Untuk sebagian besar keadaan, metode diagnostik di tempat yang paling sederhana, tercepat dan terbaik adalah yang ditetapkan pada awal 1900-an - pemeriksaan apusan darah berwarna biru polikrom metilen untuk kapsulasi basil, jika memungkinkan, dengan cadangan kultur. Tes antigen spesifik antraks di tempat modern telah dirancang tetapi tetap dikembangkan secara komersial. Konfirmasi berbasis genetik dengan menggunakan polymerase chain reaction (PCR) yang berdiri sendiri menjadi semakin diterima untuk banyak jenis spesimen dan semakin tersedia di seluruh dunia melalui kit komersial. Diagnosis retrospektif dengan enzyme-linked immunosorbent assay (ELISA) pada hewan yang selamat dari infeksi bisa dilakukan, tetapi antigen spesifik untuk ini mahal dan uji ini lebih merupakan metoda untuk penelitian daripada nilai praktis sehari-hari di lapangan.


4. ANTHRAX PADA MANUSIA


Insiden manusia

Infeksi antraks manusia yang didapat secara alami umumnya terjadi akibat kontak dengan hewan yang terinfeksi, atau paparan pekerjaan terhadap produk hewan yang terinfeksi atau terkontaminasi. Insiden penyakit alami tergantung pada tingkat keterpaparan pada hewan yang terkena.

Hewan yang dilaporkan: rasio kasus manusia di suatu negara atau wilayah mencerminkan kondisi ekonomi, kualitas pengawasan, tradisi sosial, perilaku diet, dll di negara atau wilayah tersebut.

Berbeda dengan hewan, bisa terkait dengan usia atau jenis kelamin umumnya tidak terlihat pada manusia, meskipun laki-laki umumnya memiliki tingkat risiko pekerjaan yang lebih tinggi di banyak negara.


Dosis infeksi pada manusia

Buktinya adalah bahwa manusia cukup resisten terhadap antraks tetapi wabah nya bisa terjadi. Dosis infeksi sulit untuk dinilai tetapi pada individu dalam keadaan sehat dan tanpa adanya lesi tempat masuknya organisme.  ID50 umumnya mencapai ribuan atau puluhan ribu dan antraks tidak dianggap sebagai penyakit menular.

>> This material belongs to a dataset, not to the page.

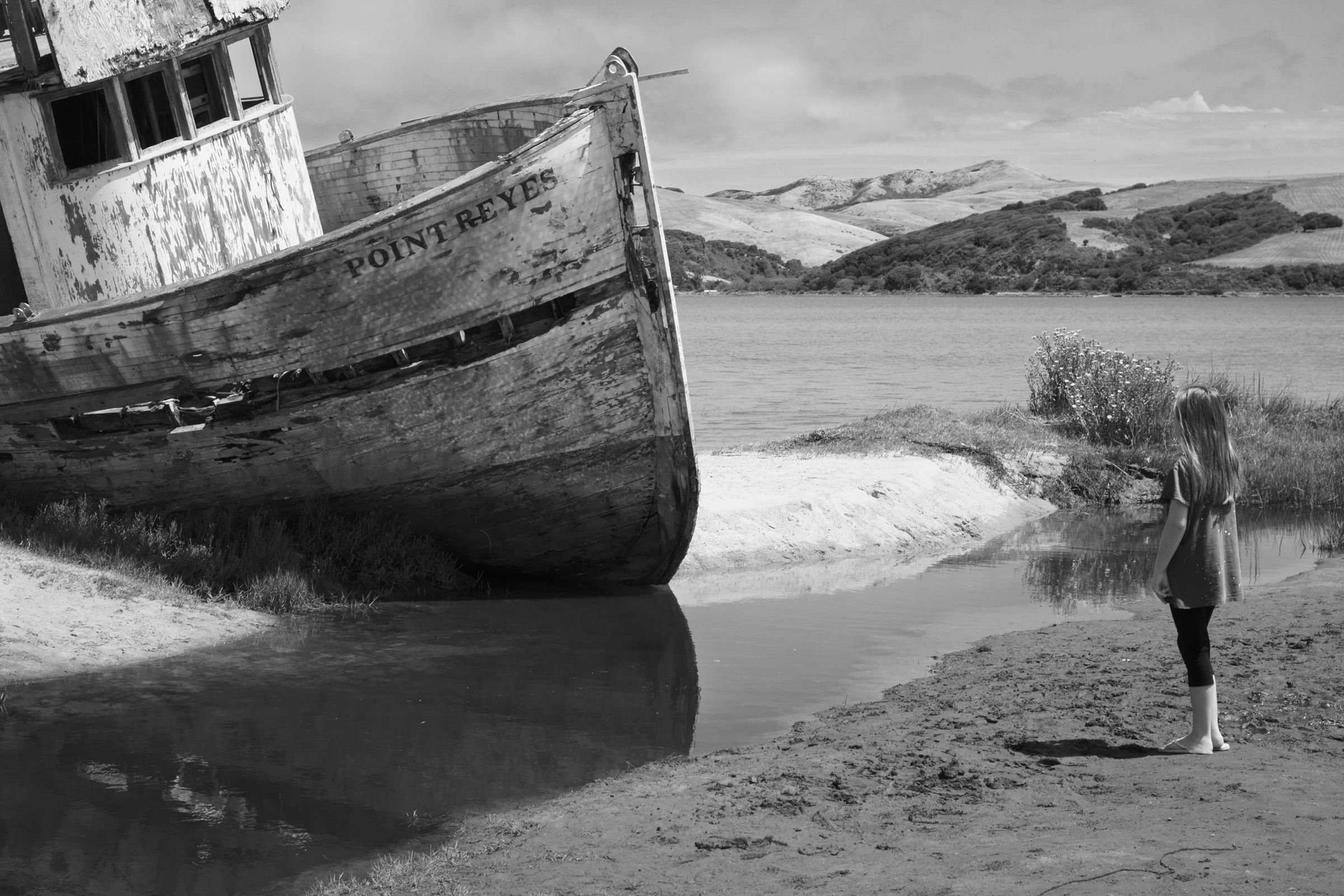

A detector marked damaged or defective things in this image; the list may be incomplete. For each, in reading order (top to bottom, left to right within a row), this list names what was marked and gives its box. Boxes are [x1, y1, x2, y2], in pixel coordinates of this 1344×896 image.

Epidemiologi dan penularan

Antraks pada manusia secara tradisional diklasifikasikan dalam dua cara:

(i) berdasarkan bagaimana pendudukan individu menyebabkan paparan membedakan antara antraks nonindustri, terjadi pada petani, tukang daging, pengrajin / penyaji, dokter hewan, dll., Dan antraks industri, yang terjadi bagi mereka yang dipekerjakan dalam pengolahan tulang, kulit, wol dan produk hewani lainnya;


(ii) mencerminkan rute di mana penyakit itu didapat. Ini membedakan antara antraks kulit, yang didapat melalui lesi kulit, antraks yang tertelan (jalur oral), tertular setelah menelan makanan yang terkontaminasi, terutama daging dari hewan yang mati karena penyakit, dan antraks yang terhirup, dari menghirup spora antraks di udara.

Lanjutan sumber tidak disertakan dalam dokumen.